BEHLÜL-İ DÂNÂ
Meczûb. Hak
âşığı. Çok tanınmış evliyâdan biri. Asıl ismi Vüheyb bin Ömer Sayrâfî'dir.
Behlûl-i Dânâ adıyla şöhret buldu. Doğum târihi kesin olarak bilinmemektedir.
Kûfeli olduğu hâlde ömrünün çoğunu Bağdât'ta geçirdi. Hârûn Reşîd'in kardeşi
olduğuna dâir rivâyetler varsa da aslı yoktur. Hârûn Reşîd'e nasîhat verirdi.
Herkese ders olacak hikmetli sözleri çok meşhûrdur. 805 (H.190) senesi Bağdât'ta
vefât etti. Dicle kenarında Şunûziyye kabristanlığına defnedildi.
Behlül-i
Dânâ, zamânın büyüklerinin sohbetlerinde bulundu. Eymen bin Nâbil, Amr bin Dînâr
ve Âsım bin Ebi'n-Necîd'den hadîs-i şerîf öğrendi. İbretli mânâlı sözler
söyledi. Menkıbeleri dilden dile aktarıldı.
Behlül-i
Dânâ bir gün Bağdât sokaklarından birinde giderken, oynayan çocuklar gördü.

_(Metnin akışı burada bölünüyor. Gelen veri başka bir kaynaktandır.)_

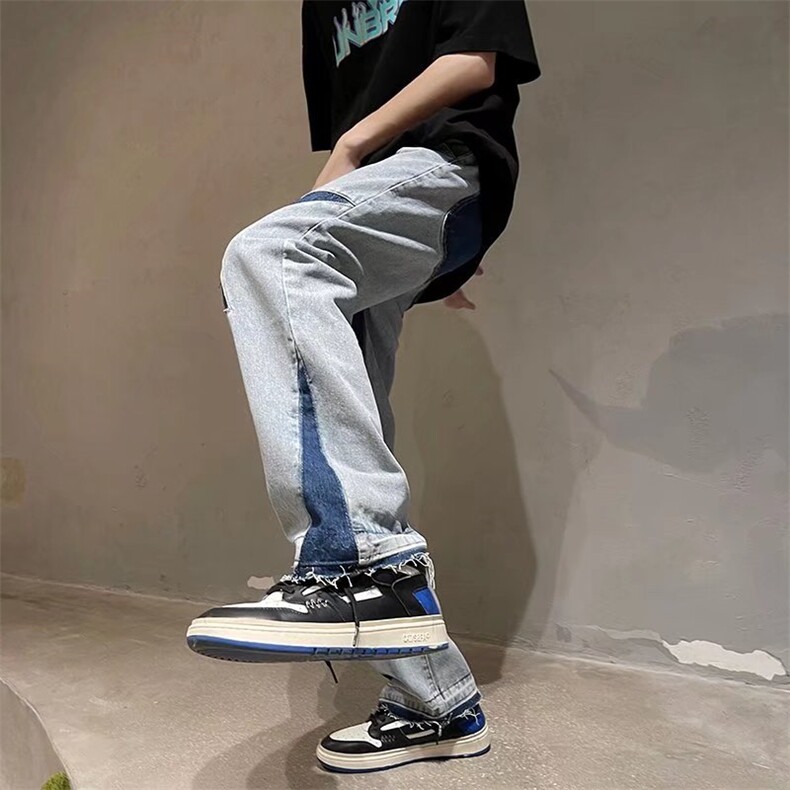 夏季美式街头牛仔裤男ins潮牌设计感小众vibe风炸街裤子N0857-P50,男装牛仔裤,星座308B-1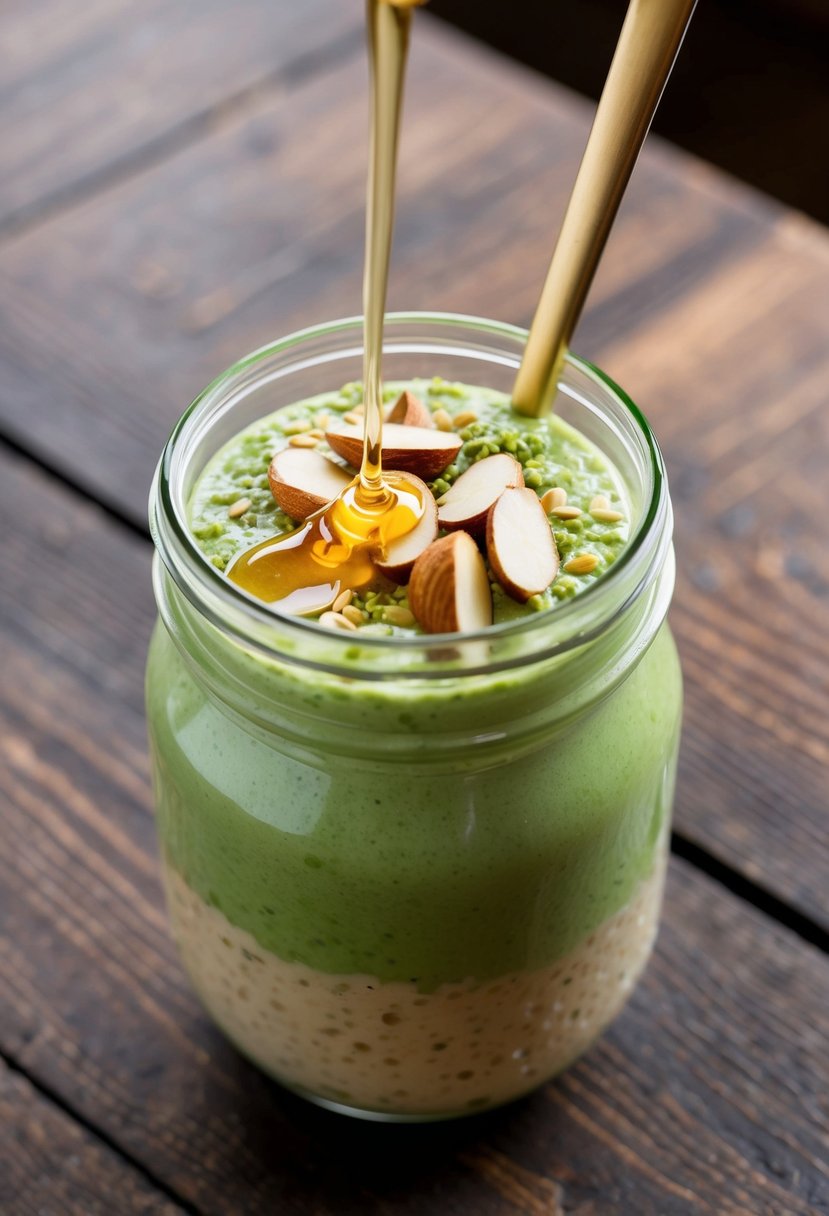 A glass jar filled with creamy green matcha overnight oats, topped with sliced almonds and a drizzle of honey, sitting on a wooden table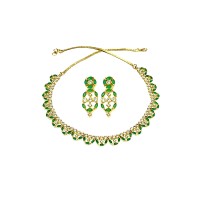 Gold Plated Necklace With Small Green White Stones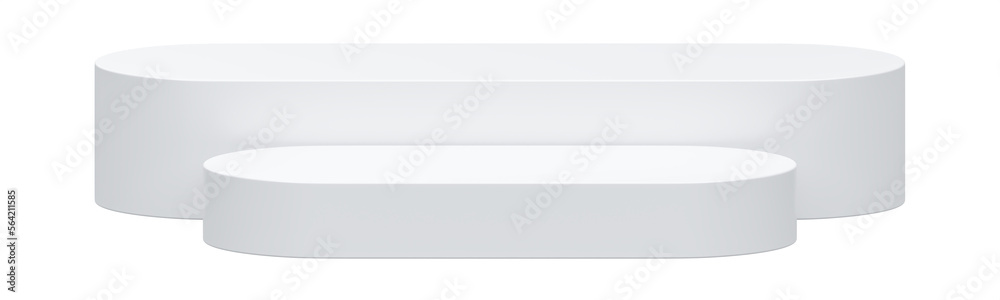 Aufkleber modern white long space podium isolated on 3d png background of minimal product display pedestal geo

Çocuklardan biri ise bir köşeye çekilmiş onlara bakıyor ve ağlıyordu. Behlül-i
Dânâ o çocuğun yanına gitti ve; "Ey çocuk niçin ağlıyorsun? Gel sana bir şeyler
alayım da sen de arkadaşlarınla oyna." dedi ve çocuğun başını okşadı. Çocuk
bakışlarını Behlül'e çevirdi ve; "Ey aklı az adam! Biz oyun için yaratılmadık."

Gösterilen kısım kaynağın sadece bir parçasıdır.